Le bois de Hangard est le premier obstacle auquel est confronté le 13bataillon. La citation de la Croix de Victoria de John Croak décrit les événements qui s’y déroulent:

[…] après avoir été séparé de sa section, il tombe sur un nid de mitrailleuses, qu’il réduit au silence à l’aide de grenades, faisant prisonnier le détachement de la mitrailleuse et s’emparant de celle-ci. Peu de temps après, il est grièvement blessé, mais il refuse d’abandonner son poste. Il rejoint son peloton et la troupe se trouve bientôt devant une forte position ennemie, équipée de plusieurs mitrailleuses. Saisissant une occasion, le soldat Croak s’élance tout seul, presque immédiatement suivi par le reste du peloton, qui charge avec bravoure. Il arrive le premier aux tranchées. Il y prend la tête de ses hommes, s’empare de trois mitrailleuses et passe à la baïonnette ou fait prisonniers tous les hommes de la garnison.
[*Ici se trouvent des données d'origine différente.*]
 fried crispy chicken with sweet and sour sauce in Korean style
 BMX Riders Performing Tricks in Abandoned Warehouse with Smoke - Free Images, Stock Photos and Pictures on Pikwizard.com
La persévérance et le courage de ce brave soldat, qui fut de nouveau grièvement blessé (et succomba plus tard à ses blessures), ont été pour tous une source d’inspiration.

Peu avant sa mort, John Croak aurait dit à un ami : « Souhaites-tu exprimer ta gratitude ? Agenouille-toi et prie pour mon âme. » Bien qu’il semble peu probable que le jeune soldat de tempérament sanguin ait prononcé de telles paroles, celles-ci sont inscrites sur sa pierre tombale, située au cimetière britannique du bois de Hangard, près de l’endroit où il a connu la mort.


Pierre tombale de John Bernard Croak

Pierre tombale de John Bernard Croak, dans le cimetière britannique du bois de Hangard.   
(avec la permission de John Boileau)


Commémoration

La mère de John Croak reçoit la Croix de Victoria de son fils à titre posthume. Elle lui est remise par le lieutenant-gouverneur de la Nouvelle-Écosse le 23 novembre 1918, à la maison du gouvernement de la province. La croix est conservée par la famille pendant plusieurs décennies, puis acquise par le Musée canadien de la guerre en 1976. Elle est aujourd’hui exposée au musée de l’Armée de la Citadelle d’Halifax.

Plusieurs hommages à JohnCroak se trouvent au Cap-Breton. Une école, un parc et une filiale de la Légion royale canadienne (aujourd’hui fermée) ont été nommés en son honneur.